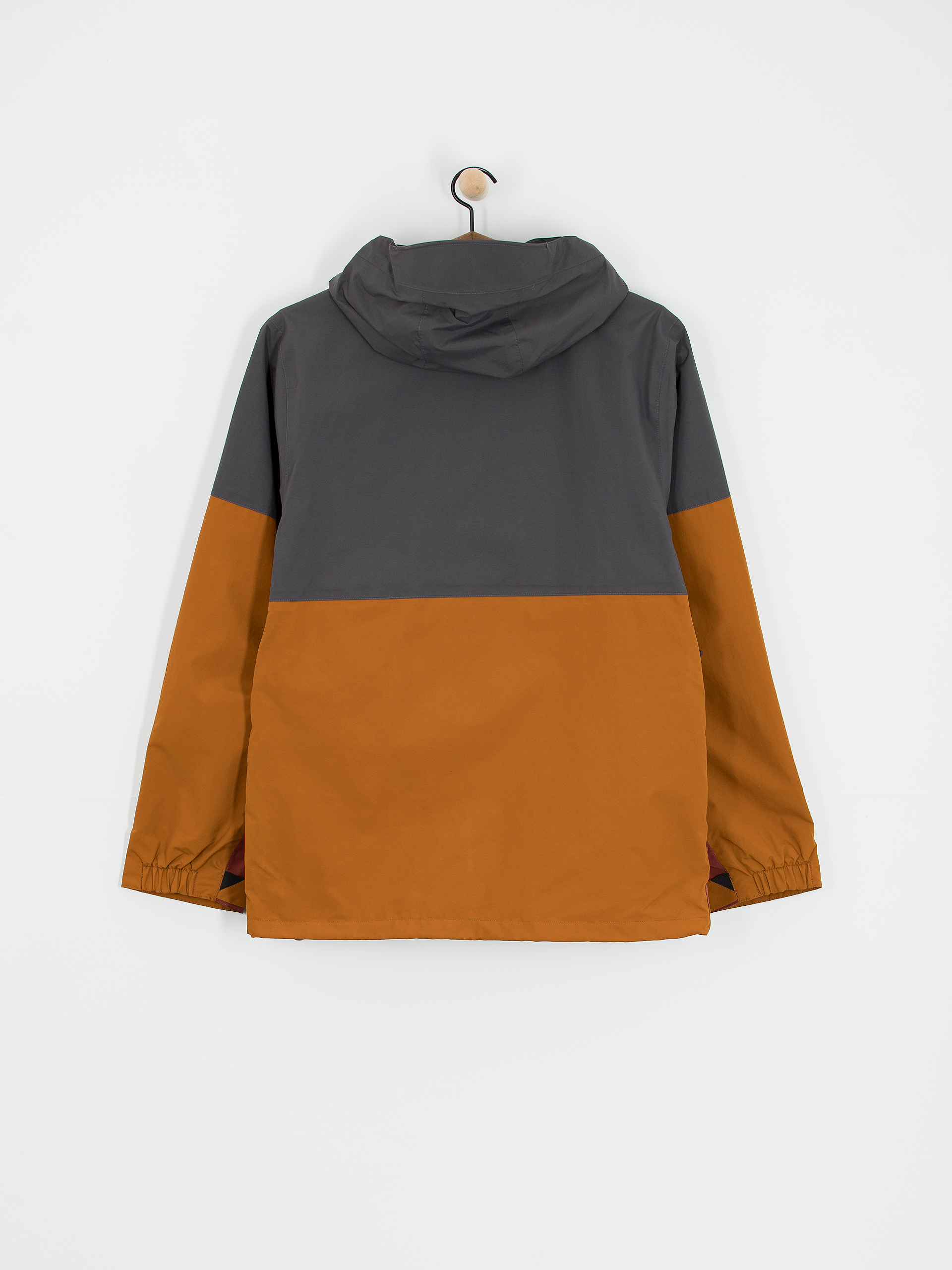 Mens Volcom Snowboard jacket L Gore Tex (caramel)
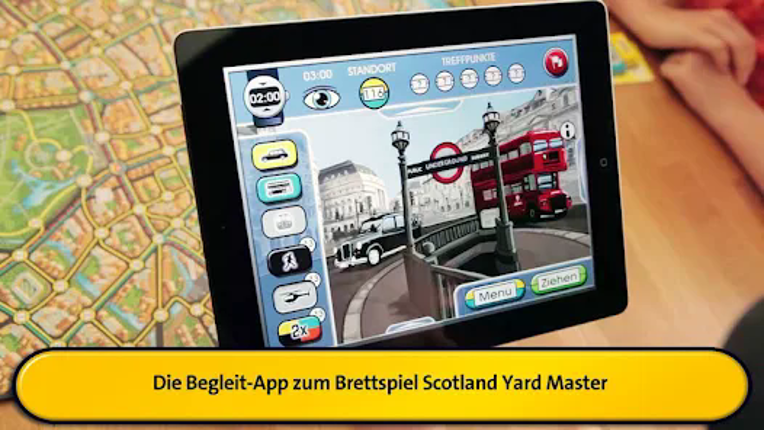 Scotland Yard Master screenshot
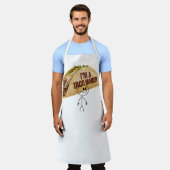Tablier "Taco Time Fun Apron" (Porté)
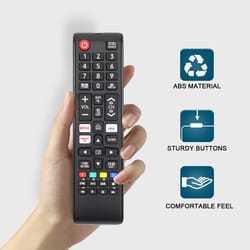 universal remote control for samsung smart tv replacement with netflix prime hulu buttons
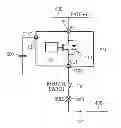 Fig. 01 - Direction indicator circuit for controlling a direction indicator in a vehicle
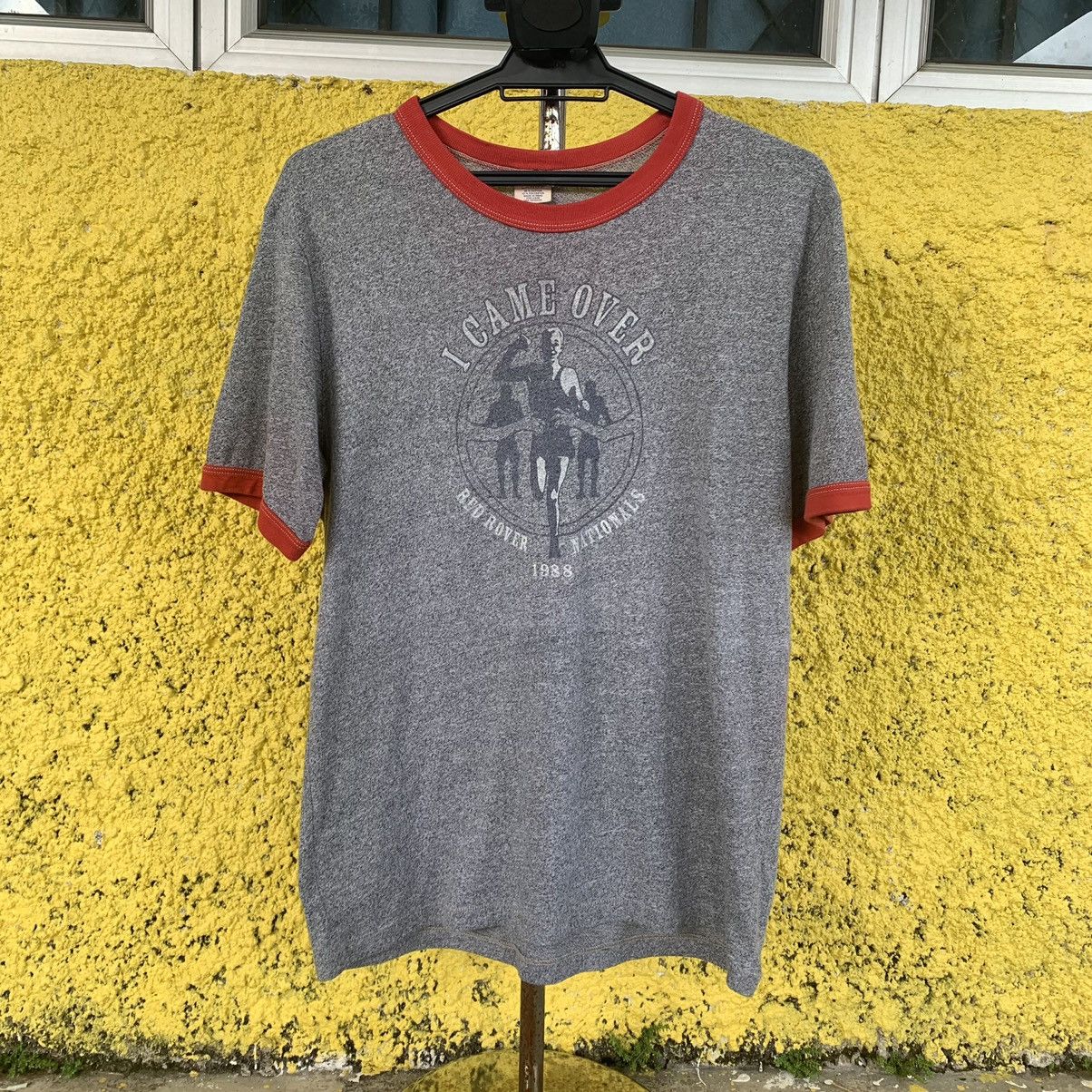 Abercrombie & Fitch Red Rover Nationals 1988 marathon ringer tee Size US L / EU 52-54 / 3 - 1 Thumbnail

## [WHAT TO DO]
When you give the entries again, keep them exact and omit any picture they contain.

## [ANSWER FOR THIS EXERCISE]
 Mens Volcom Snowboard jacket L Gore Tex (caramel)
 Scotland Yard Master screenshot
Tablier "Taco Time Fun Apron" (Porté)
 universal remote control for samsung smart tv replacement with netflix prime hulu buttons
 Fig. 01 - Direction indicator circuit for controlling a direction indicator in a vehicle
 Abercrombie & Fitch Red Rover Nationals 1988 marathon ringer tee Size US L / EU 52-54 / 3 - 1 Thumbnail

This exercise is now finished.